■ **Directions for this task**: Go to the line with "Aur pentru echipa" in the material below and copy from there through the line with "Imagem Casa à Venda", exactly. Pictures are not copied.

*** Begin section ***

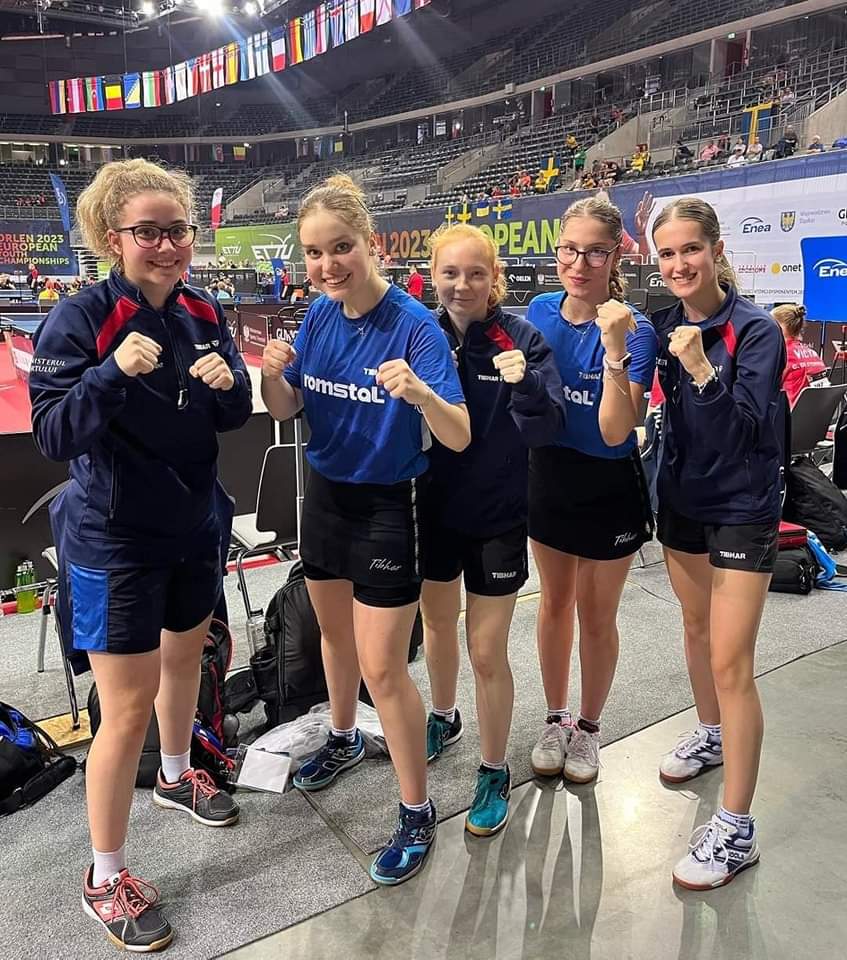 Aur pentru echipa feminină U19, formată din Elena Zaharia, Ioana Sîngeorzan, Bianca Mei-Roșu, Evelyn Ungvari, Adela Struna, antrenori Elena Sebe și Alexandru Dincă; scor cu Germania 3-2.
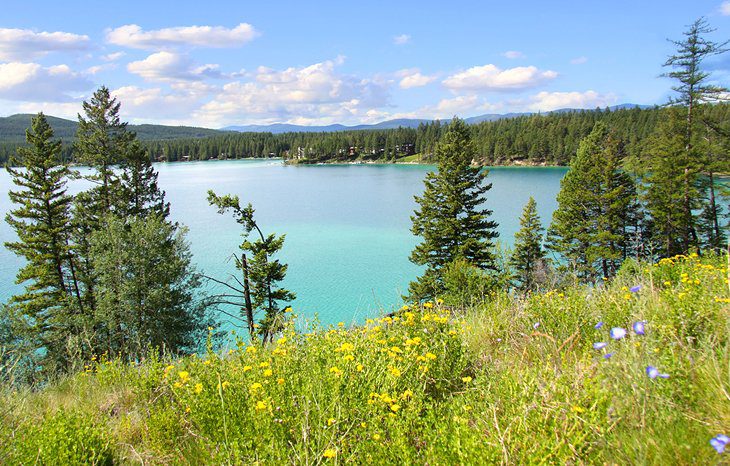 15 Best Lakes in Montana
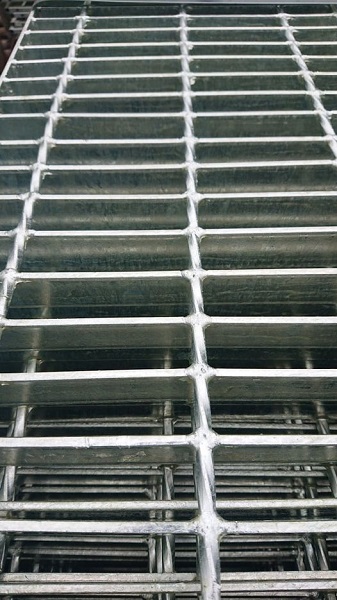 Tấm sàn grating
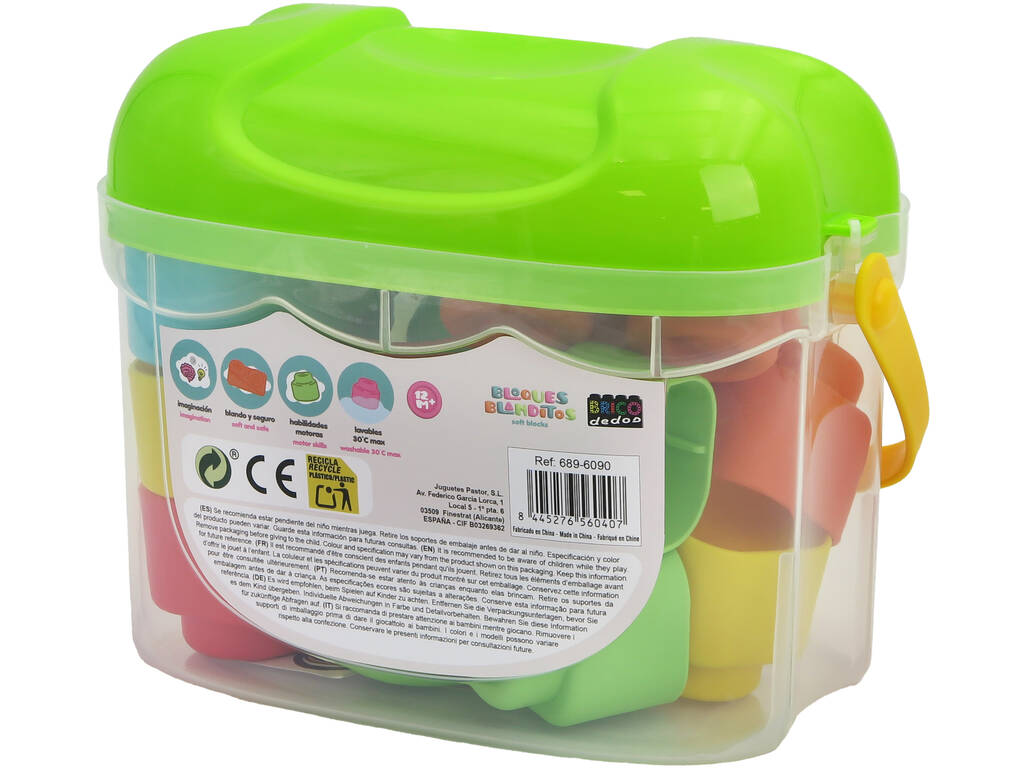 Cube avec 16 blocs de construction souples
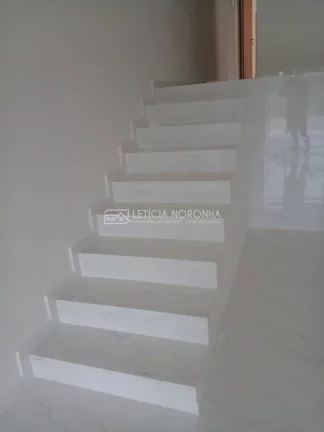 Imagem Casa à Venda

*** End section ***
*** Begin section ***

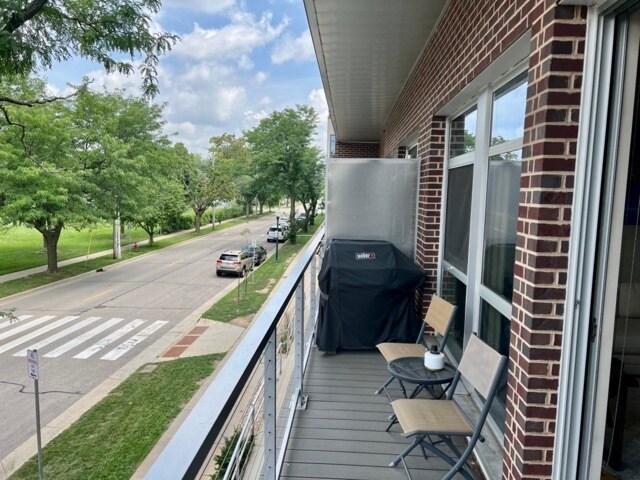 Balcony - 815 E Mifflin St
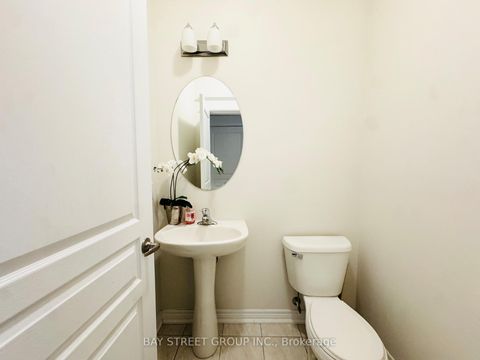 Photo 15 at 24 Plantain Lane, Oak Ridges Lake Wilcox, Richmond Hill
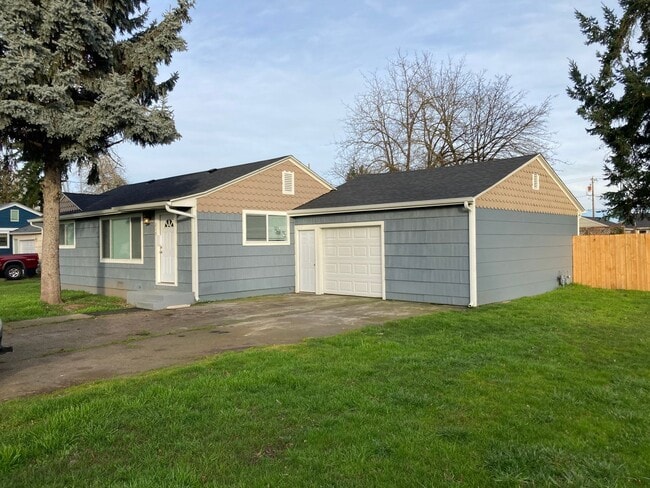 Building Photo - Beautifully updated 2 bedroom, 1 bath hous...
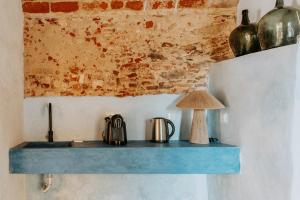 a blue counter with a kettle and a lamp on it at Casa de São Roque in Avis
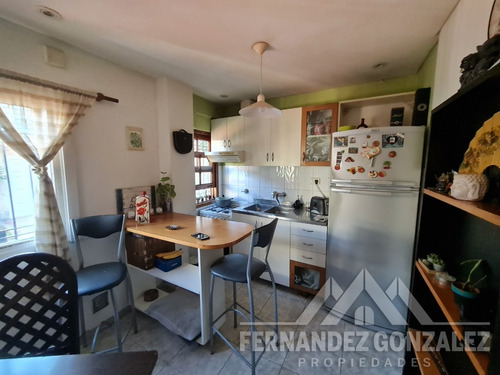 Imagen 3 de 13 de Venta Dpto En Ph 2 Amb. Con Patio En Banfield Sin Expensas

*** End section ***

■ **Result of the exercise**:
 Aur pentru echipa feminină U19, formată din Elena Zaharia, Ioana Sîngeorzan, Bianca Mei-Roșu, Evelyn Ungvari, Adela Struna, antrenori Elena Sebe și Alexandru Dincă; scor cu Germania 3-2.
 15 Best Lakes in Montana
 Tấm sàn grating
 Cube avec 16 blocs de construction souples
 Imagem Casa à Venda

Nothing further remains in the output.